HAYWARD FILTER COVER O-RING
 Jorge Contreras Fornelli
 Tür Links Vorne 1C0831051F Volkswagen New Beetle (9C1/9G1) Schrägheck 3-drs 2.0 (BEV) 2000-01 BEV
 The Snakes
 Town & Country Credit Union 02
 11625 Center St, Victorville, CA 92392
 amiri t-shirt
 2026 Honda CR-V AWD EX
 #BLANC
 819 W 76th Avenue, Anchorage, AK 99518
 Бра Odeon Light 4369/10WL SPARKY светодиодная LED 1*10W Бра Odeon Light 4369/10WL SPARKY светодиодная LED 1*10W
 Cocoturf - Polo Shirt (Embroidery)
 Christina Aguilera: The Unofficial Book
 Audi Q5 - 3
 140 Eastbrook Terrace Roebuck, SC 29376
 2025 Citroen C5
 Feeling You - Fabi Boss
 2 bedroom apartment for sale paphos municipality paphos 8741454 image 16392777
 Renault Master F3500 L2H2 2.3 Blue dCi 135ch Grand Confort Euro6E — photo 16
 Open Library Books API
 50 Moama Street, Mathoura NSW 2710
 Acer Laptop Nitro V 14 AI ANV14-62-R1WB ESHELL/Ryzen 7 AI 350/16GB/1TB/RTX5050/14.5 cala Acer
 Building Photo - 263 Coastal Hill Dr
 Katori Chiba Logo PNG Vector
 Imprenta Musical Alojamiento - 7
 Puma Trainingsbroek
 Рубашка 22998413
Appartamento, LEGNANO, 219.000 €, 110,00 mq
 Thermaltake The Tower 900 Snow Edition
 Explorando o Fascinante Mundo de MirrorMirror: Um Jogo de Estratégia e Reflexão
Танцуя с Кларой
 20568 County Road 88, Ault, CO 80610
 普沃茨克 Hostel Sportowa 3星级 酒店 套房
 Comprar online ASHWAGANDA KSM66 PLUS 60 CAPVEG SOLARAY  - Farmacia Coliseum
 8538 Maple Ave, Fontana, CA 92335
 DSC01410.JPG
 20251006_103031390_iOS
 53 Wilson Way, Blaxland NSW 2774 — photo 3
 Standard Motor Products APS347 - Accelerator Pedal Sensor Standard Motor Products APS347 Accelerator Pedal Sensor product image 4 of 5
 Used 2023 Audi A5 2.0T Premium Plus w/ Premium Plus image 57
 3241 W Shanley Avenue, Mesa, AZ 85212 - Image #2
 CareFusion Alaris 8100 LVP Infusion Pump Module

_Exercise_. Please write out exactly the line containing "2 bedroom apartment" and every line after it through the end of the records, nothing more.

_Written response_.
 2 bedroom apartment for sale paphos municipality paphos 8741454 image 16392777
 Renault Master F3500 L2H2 2.3 Blue dCi 135ch Grand Confort Euro6E — photo 16
 Open Library Books API
 50 Moama Street, Mathoura NSW 2710
 Acer Laptop Nitro V 14 AI ANV14-62-R1WB ESHELL/Ryzen 7 AI 350/16GB/1TB/RTX5050/14.5 cala Acer
 Building Photo - 263 Coastal Hill Dr
 Katori Chiba Logo PNG Vector
 Imprenta Musical Alojamiento - 7
 Puma Trainingsbroek
 Рубашка 22998413
Appartamento, LEGNANO, 219.000 €, 110,00 mq
 Thermaltake The Tower 900 Snow Edition
 Explorando o Fascinante Mundo de MirrorMirror: Um Jogo de Estratégia e Reflexão
Танцуя с Кларой
 20568 County Road 88, Ault, CO 80610
 普沃茨克 Hostel Sportowa 3星级 酒店 套房
 Comprar online ASHWAGANDA KSM66 PLUS 60 CAPVEG SOLARAY  - Farmacia Coliseum
 8538 Maple Ave, Fontana, CA 92335
 DSC01410.JPG
 20251006_103031390_iOS
 53 Wilson Way, Blaxland NSW 2774 — photo 3
 Standard Motor Products APS347 - Accelerator Pedal Sensor Standard Motor Products APS347 Accelerator Pedal Sensor product image 4 of 5
 Used 2023 Audi A5 2.0T Premium Plus w/ Premium Plus image 57
 3241 W Shanley Avenue, Mesa, AZ 85212 - Image #2
 CareFusion Alaris 8100 LVP Infusion Pump Module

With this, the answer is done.